I gazed at the walls covered in national awards — the same walls that would eventually feature some of my own. I listened to the terrifying array of senior editors give first-day announcements and hoped none of them noticed my eyes widening with terror. Little did I know I would become one of them three years later.
But I also noticed the couch in the corner of the backroom. The beaten up, incredibly well-loved, disgustingly-brownish blue couch.
The overly plush pillows swallowed me up everytime I sat on them — and that was for an absurd amount of time every week. I sat there when I first learned how to export an InDesign document, tighten a three-hour board meeting into 500 words and bounce back after tough writing critiques. That couch was there when my voice shook and my notepad filled with scribbled down quotes during my first interview.
The version of me that couch saw was nowhere near a leader.
But as the interviews progressed, the stories got tougher and I built my way up the editorial ladder, I started to become the opposite. The year I began to speak up in brainstorms and fearlessly blast my playlist in the backroom was the year the janitors finally moved that couch into the dumpster and traded it out for a leather one. The J-room upgraded at the same time I did.
My non-journalism friends would always nag me with the question “Why do you keep torturing yourself with this?” as my to-do list overflowed with newspaper-related tasks, and I’d always respond, “You don’t get it, it’s addicting.”
Yes, I know how to solve a quadratic equation and I know the formula for cellular respiration, but in 20 years — or a couple months — that knowledge will slip.
The countless nights I spent hunched over my laptop until 2 a.m. taught me time management lessons far tougher than anything I’d known before.

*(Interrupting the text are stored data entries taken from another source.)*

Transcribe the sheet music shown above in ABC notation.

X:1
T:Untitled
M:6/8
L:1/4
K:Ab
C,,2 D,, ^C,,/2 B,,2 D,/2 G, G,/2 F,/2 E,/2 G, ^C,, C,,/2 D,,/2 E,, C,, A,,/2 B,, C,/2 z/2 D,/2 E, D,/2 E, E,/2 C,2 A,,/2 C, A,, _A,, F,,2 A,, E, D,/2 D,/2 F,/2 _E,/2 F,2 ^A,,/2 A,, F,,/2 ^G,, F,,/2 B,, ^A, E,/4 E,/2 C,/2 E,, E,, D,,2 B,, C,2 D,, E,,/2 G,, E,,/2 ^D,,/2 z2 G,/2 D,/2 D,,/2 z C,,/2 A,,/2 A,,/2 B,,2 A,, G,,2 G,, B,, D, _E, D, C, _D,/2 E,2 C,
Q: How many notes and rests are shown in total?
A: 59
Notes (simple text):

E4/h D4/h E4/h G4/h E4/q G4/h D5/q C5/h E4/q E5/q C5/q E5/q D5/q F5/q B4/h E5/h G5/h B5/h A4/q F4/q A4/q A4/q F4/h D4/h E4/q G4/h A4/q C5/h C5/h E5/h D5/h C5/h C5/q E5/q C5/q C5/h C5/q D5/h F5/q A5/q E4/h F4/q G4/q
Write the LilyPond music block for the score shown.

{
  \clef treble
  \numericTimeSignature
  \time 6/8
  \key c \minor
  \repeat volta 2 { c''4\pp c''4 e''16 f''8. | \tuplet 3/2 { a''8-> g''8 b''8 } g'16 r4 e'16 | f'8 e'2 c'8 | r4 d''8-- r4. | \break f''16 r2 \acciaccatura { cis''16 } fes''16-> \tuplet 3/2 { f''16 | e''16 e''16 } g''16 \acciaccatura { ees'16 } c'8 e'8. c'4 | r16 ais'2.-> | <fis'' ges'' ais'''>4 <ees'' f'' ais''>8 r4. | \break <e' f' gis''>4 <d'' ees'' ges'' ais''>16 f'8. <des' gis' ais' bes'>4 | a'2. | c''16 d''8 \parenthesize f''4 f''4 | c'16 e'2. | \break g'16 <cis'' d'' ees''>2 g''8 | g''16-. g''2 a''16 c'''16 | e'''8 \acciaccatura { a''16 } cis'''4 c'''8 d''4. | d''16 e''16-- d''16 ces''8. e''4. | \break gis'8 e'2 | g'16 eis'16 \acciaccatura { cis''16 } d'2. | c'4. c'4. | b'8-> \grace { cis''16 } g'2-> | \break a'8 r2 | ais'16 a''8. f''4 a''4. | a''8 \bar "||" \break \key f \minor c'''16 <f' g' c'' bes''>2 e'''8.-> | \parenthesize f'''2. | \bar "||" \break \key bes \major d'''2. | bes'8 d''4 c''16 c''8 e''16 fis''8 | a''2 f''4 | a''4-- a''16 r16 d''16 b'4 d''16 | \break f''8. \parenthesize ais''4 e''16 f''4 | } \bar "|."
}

Tate preached the importance of professionalism, and after interviewing Peace Corps ambassadors and politicians and police officers, I feel ready to present myself to the real world.
But the countless stories and lessons came together as I got the call from Tate that I’d won National Journalist of the Year. My eyes were blurry as the tears of pride welled up.
Freshman-me sitting on that run-down couch would’ve awkwardly laughed if you told her that she’d be leading a national-award-winning staff of 70 as an Editor-in-Chief. Now I sit on the shiny, new couch with shiny, new confidence — I no longer come into the J-room, or any room, with shaking hands and a trembling voice.